# Identity and compliance control model

Source: https://docs.settlemint.com/docs/architecture/security/identity-compliance
How DALP links wallets to OnchainID identities, keeps evidence off chain, trusts claim issuers by topic, and evaluates claims before regulated token operations execute.




DALP separates account access from asset eligibility. A caller can be authenticated, authorised, and still be unable to receive or move a regulated asset until the relevant wallet is registered to an identity and that identity carries claims from trusted issuers for the asset's configured rules.

For the canonical concept model behind wallets, OnchainID contracts, claim topics, and trusted issuers, start with [Claims and identity](/docs/architecture/concepts/claims-and-identity).

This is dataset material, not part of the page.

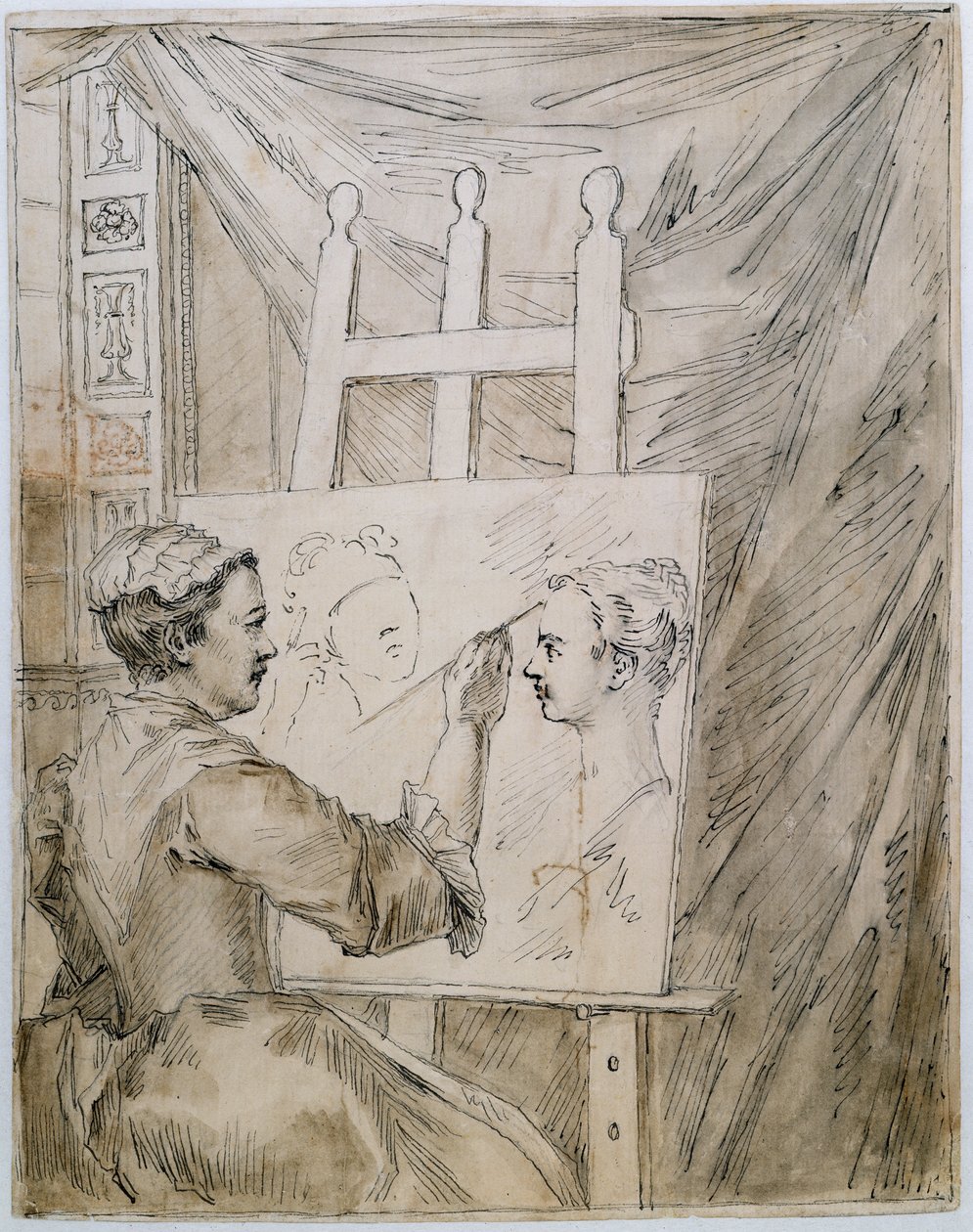 Lady Burlington a festőállványánál a kerti szobájában (toll, tinta és ceruza papíron) alkotó: William Kent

## System context [#system-context]

<Mermaid
  chart="`classDiagram
  direction LR
  class WalletAddress {
    +submitAssetOperation()
    +mapToIdentity()
  }
  class OnchainIDIdentity {
    +holdERC734Keys()
    +holdERC735Claims()
  }
  class ComplianceClaim {
    +uint256 topic
    +bytes issuerSignature
    +bytes claimData
  }
  class ExternalEvidenceSystem {
    +holdKycAmlEvidence()
    +recordProviderDecision()
  }
  class ProviderOrManualIssuer {
    +reviewEvidence()
    +issueOrRevokeClaim()
  }
  class TrustedIssuerRegistry {
    +approveIssuer()
    +allowTopic()
  }
  class IdentityRegistry {
    +bindWalletToIdentity()
  }
  class TokenComplianceModules {
    +evaluateAssetRules()
    +gateMintAndTransfer()
  }
  class ConfiguredEVMNetwork {
    +executeTokenStateChange()
  }

  WalletAddress --> IdentityRegistry : registered in
  IdentityRegistry --> OnchainIDIdentity : resolves
  ExternalEvidenceSystem --> ProviderOrManualIssuer : supplies decision evidence
  ProviderOrManualIssuer --> ComplianceClaim : issues or revokes
  OnchainIDIdentity --> ComplianceClaim : stores
  TrustedIssuerRegistry --> ComplianceClaim : accepts issuer/topic
  TokenComplianceModules --> IdentityRegistry : checks holder identity
  TokenComplianceModules --> TrustedIssuerRegistry : checks issuer trust
  TokenComplianceModules --> ConfiguredEVMNetwork : gates operation

`"
/>

## The model [#the-model]

Identity and compliance use four linked concepts:

| Concept        | Scope                                            | What it decides                                                                                   |
| -------------- | ------------------------------------------------ | ------------------------------------------------------------------------------------------------- |
| Wallet         | User, participant, issuer, or service account    | Which blockchain address submits, receives, or signs an operation                                 |
| Identity       | OnchainID contract linked to one or more wallets | Which on-chain identity the asset contract checks for a wallet                                    |
| Claim          | Topic-specific statement stored on an identity   | Whether the identity has evidence such as KYC, AML, jurisdiction, accreditation, or issuer status |
| Trusted issuer | Claim issuer approved for one or more topics     | Whether a claim source is accepted for the topic an asset rule requires                           |

A wallet address by itself is not enough for regulated asset operations. The token's identity registry resolves the wallet to an identity contract. Compliance modules then evaluate the claims and rule parameters configured for the asset.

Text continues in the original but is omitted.